Renewable Realities: The Good, The Bad and The Ugly in Renewable Energy's Rise
Dan Arvizu, director, National Renewable Energy Laboratory
Moderated by Jeffrey Ball, scholar-in-residence, Steyer-Taylor Center for Energy Policy and Finance
Monday, November 10, 2014 | 04:15 PM - 05:15 PM | NVIDIA Auditorium, Jen-Hsun Huang Engineering Center | Free and Open to All
Dan E. Arvizu became the eighth Director of the U.S. Department of Energy's National Renewable Energy Laboratory (NREL) on January 15, 2005. NREL is the Department of Energy's primary laboratory for energy efficiency and renewable energy research and development. NREL is operated for DOE by Alliance for Sustainable Energy, LLC (Alliance). Dr. Arvizu is President of Alliance and also is an Executive Vice President with the MRIGlobal, headquartered in Kansas City, Missouri. Prior to joining NREL, Dr. Arvizu was the chief technology officer with CH2M HILL Companies, Ltd. Before joining CH2M he was an executive with Sandia National Laboratories in Albuquerque, New Mexico. He started his career and spent four years at the AT&T Bell Telephone Laboratories. In 2011, Dr. Arvizu was appointed by President Obama to a second six-year term on the National Science Board, the governing board of the National Science Foundation and the national science policy advisory body to the President and the Congress. He is presently serving as Chairman. Dr. Arvizu serves on a number of boards, panels and advisory committees including the American Council on Renewable Energy Advisory Board, the Singapore International Advisory Panel on Energy, the Colorado Renewable Energy Authority Board of Directors, and the Stanford Precourt Institute for Energy Advisory Council. He is Fellow of the National Academy of Public Administration and was recently elected to the National Academy of Engineering. He has a Bachelors of Science in Mechanical Engineering from New Mexico State University and a Master of Science and Ph.D. in Mechanical Engineering from Stanford University.

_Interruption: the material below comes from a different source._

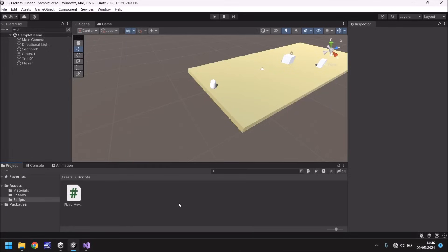Hello and welcome to the fourth video in a series of game development tutorials on how to make your own 3D endless runner game in Unity. In this tutorial we'll be covering some more C sharp programming to be able to control our player.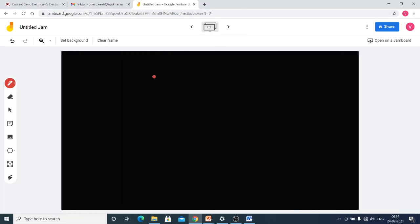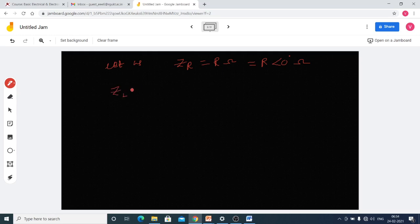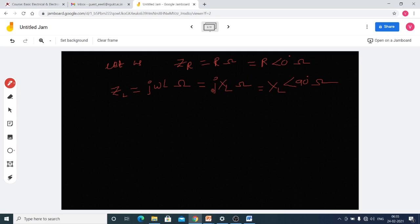A phasor is a rotating vector which rotates in the anti-clockwise direction with angular frequency omega in the time domain. Now, if we consider impedance of a resistor, ZR is equal to R ohms, which can be written as R at an angle of 0 degrees. For inductance reactance ZL, it equals XL ohms, written as XL at an angle of 90 degrees, replacing J with 90 degrees, where XL equals omega times L.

Jeffrey Ball, a writer on energy and the environment, is scholar-in-residence at Stanford University’s Steyer-Taylor Center for Energy Policy and Finance. At Stanford’s Steyer-Taylor Center, a joint initiative of the university’s law and business schools, Ball heads a project exploring how China and the U.S. might deploy clean-energy capital more efficiently if each one played more strategically to its economic strengths. The project focuses on the solar-energy industry, the subject of a law-school public-policy practicum that Ball has co-taught. In 2013, he conceived of and moderated a five-part series of public discussions at Stanford, called Rising Power, on China’s energy business and its global implications.